What the exercise asks » Any pictures in the records below should be skipped; write out everything else exactly.
- - -
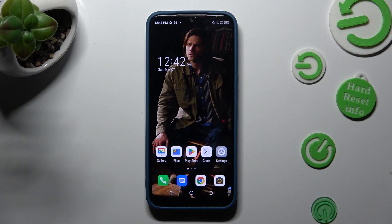Hi, in front of me is TechnoSparkGo 2022 and today I would like to show you how you can rename it.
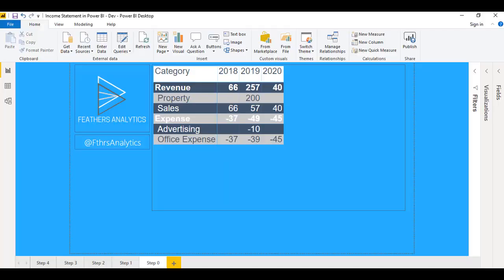Hi everyone, it's Joseph Yates from Feathers Analytics and today I'm going to review two of my most recent blog posts and show how we can build an income statement in Power BI. Let's go check it out.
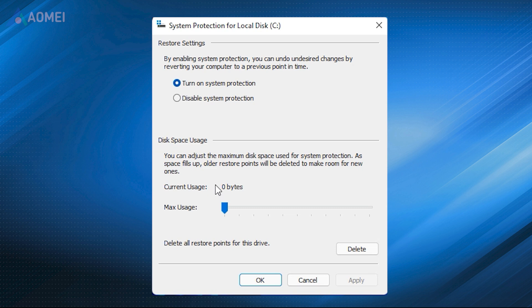Usually, you set the maximum disk space that can be used for system protection after enabling System Restore Point. If the maximum space is reached, older restore points will be deleted.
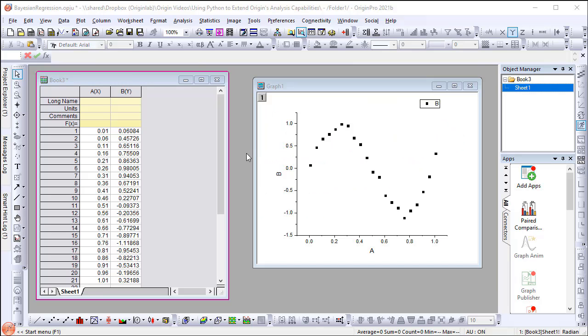This video will demonstrate how to extend Origin's analysis capabilities by calling Python. An app is developed by incorporating Python script with Origin C code. It runs Bayesian Ridge regression on sinusoidal data.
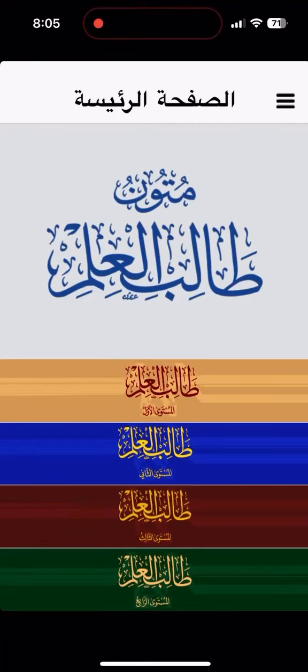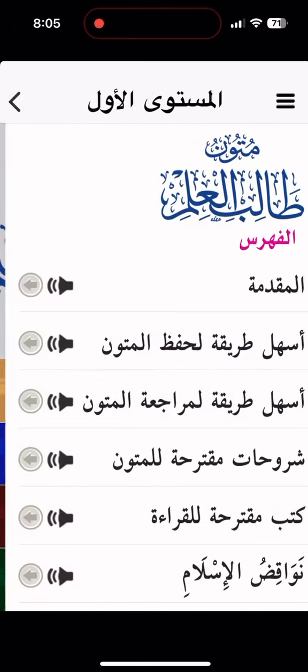Alhamdulillah, this is the second application for the Matun Talib al-Ilm. Unfortunately, it does not have the Tamhidi book, which is the great book that comes before the first level.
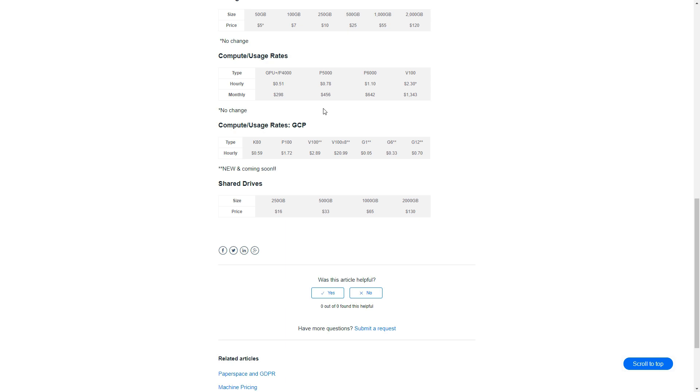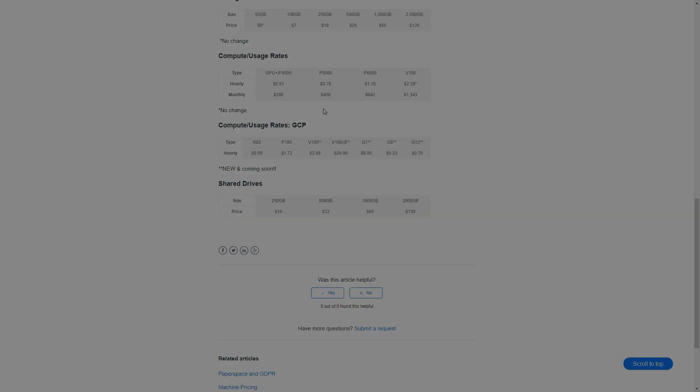But what does that actually mean? What's the bottom line? I'll give you an example. Right now my machine has a P5000, it's got 250 gigabytes of storage, and I do have a public IP assigned to it, which is an extra three dollars a month. If I was going to create that same machine again with the new rates, my price would basically go up just a little bit over six dollars per month for the machine, which isn't bad honestly, but that gives you an idea of what kind of a bump we're looking at.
- - -
Response »
Hi, in front of me is TechnoSparkGo 2022 and today I would like to show you how you can rename it.
Hi everyone, it's Joseph Yates from Feathers Analytics and today I'm going to review two of my most recent blog posts and show how we can build an income statement in Power BI. Let's go check it out.
Usually, you set the maximum disk space that can be used for system protection after enabling System Restore Point. If the maximum space is reached, older restore points will be deleted.
This video will demonstrate how to extend Origin's analysis capabilities by calling Python. An app is developed by incorporating Python script with Origin C code. It runs Bayesian Ridge regression on sinusoidal data.
Alhamdulillah, this is the second application for the Matun Talib al-Ilm. Unfortunately, it does not have the Tamhidi book, which is the great book that comes before the first level.
But what does that actually mean? What's the bottom line? I'll give you an example. Right now my machine has a P5000, it's got 250 gigabytes of storage, and I do have a public IP assigned to it, which is an extra three dollars a month. If I was going to create that same machine again with the new rates, my price would basically go up just a little bit over six dollars per month for the machine, which isn't bad honestly, but that gives you an idea of what kind of a bump we're looking at.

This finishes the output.